December 27 - Prague to Rostock
The next morning Jana and I wanted to get some souvenirs, so we left the dads and the kids to pack (surprisingly they remembered everything).  Prague is known for Marionettes (they have a Marionette theater that I wanted to take the kids to, but we didn't have time), and we saw a few stores the night before, so that is what we were trying to find.  We saw this tiny shop (like the size of a small living room) while exploring the night before, and thought we could find it again.  We went up and down streets (most of the shops were closed - nothing really opens before 10 or 11) and almost gave up and then we took one turn and miraculously found it.  These marionettes are hand carved and painted, so they are quite expensive. 

I loved this dragon, but it was like $700.
 I don't like to buy souvenirs, just to buy something, so if I'm going to get anything at all I want it to be authentic, preferably hand made, and something that really represents the area.  I debated for about 20 minutes whether to get one and finally just bought one of the smaller hand made marionettes (I think I paid $70 for this wizard). 
 I couldn't justify paying a lot for 3 more for the kids, so we opted for the cheaper ones so they could actually play with them and I wouldn't worry if they got broken.  Ava got a little princess, Grant a little boy and Noah picked the old man. :)  The kids loved them and have put on some fun puppet shows.
One of the Christmas markets in the morning.

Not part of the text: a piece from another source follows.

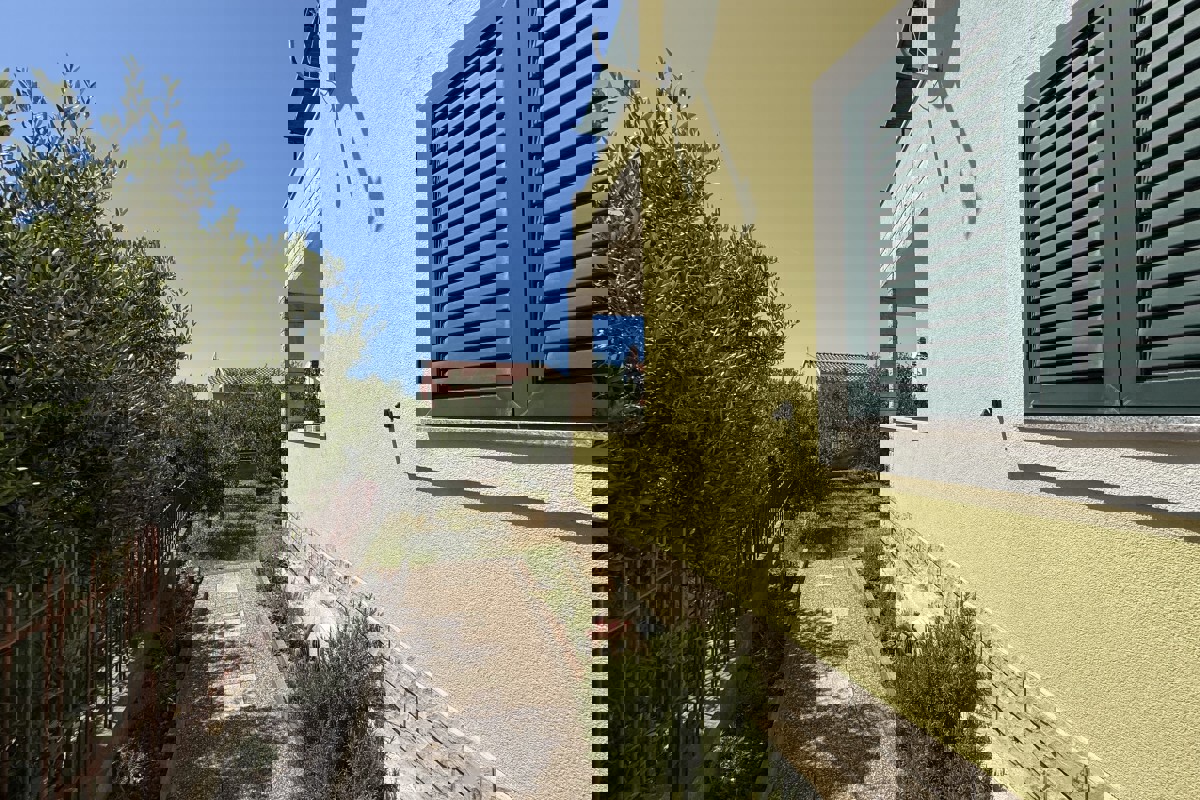 Appartamento con due camere da letto con giardino e parcheggio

Aw, much nicer.
We probably only saw <1% of Prague, because we were only there for 1 day, but I loved Prague.  Probably my favorite stop of the entire trip. 
We drove pretty much all day from Prague to Rostock, Germany.  We stayed at the hotel Stadtperle.  Pretty much an old house turned into a hotel.  Most restaurants were closed (it was only 8 or 9 o'clock, but like I've mentioned before, shops close early and often and most are closed on Sundays), so we found a steakhouse open for dinner.  We tried getting tricky and ordering tap water (we spent more on water than I care to admit), but they still brought us sparkling water. YUCK!  What is up with their sparkling water?  Don't they know what regular water is?! Another crazy thing I noticed is that EVERYONE smokes and you can buy cigarettes and liquor from vending machines (must not be an age limit).  That's pretty much all we did in Rostock. 
December 28th - Rostock to Germany
We wanted to catch the earliest ferry to Denmark, so we woke up, ate breakfast at the hotel and stopped off at a super market to get some snacks.  Denmark is really expensive, so we wanted to stock up before getting to Denmark.  We caught the early ferry, and the kids thought it was so cool to drive onto the boat and get to eat food and run around.  The dads thought it was awesome because they didn't have to drive 5 extra hours around the other side of Germany.  The ferry ride was 2 hours across the Baltic Sea.
Once off the ferry we still had a couple hours to our hotel in Denmark (the same one we stayed at the first night of this trip).
We checked into our hotel and then found a park (Churchchillparken) for the kids to play at. It was starting to get dark (3:30 in the afternoon!) by this point already.  I don't think I could handle all that darkness.

December 29th - HOME!!!
The flight home was uneventful, and we made hit home safely.  Our cute Nala-tender made us this cute sign.  We had a great trip, but was so excited to sleep in our own beds.  It took a couple days for the jet lag to wear off, but we returned to normal eventually. Some friends invited us over on New Years Eve and we were terrible guests.  By the time 9:00 rolled around we were all zombies.  We tried to stay awake, but had to excuse ourselves around 10:00 to go home to bed.  
Wow, sorry that took 9 months to blog about.  Fun to relive it though. 


Mary said...

Wish we could take a vacation with you guys! It looks so cool, but I'm with Noah, I would dawdle the whole way and never make it from point A to point B.

Ty * April said...

I have loved seeing your trip. You should have left the kids with mom and taken me. I would have really appreciated the art and the culture and been on my best behavior. :) What lucky kids to get to do a trip like that. What a way to spend Christmas!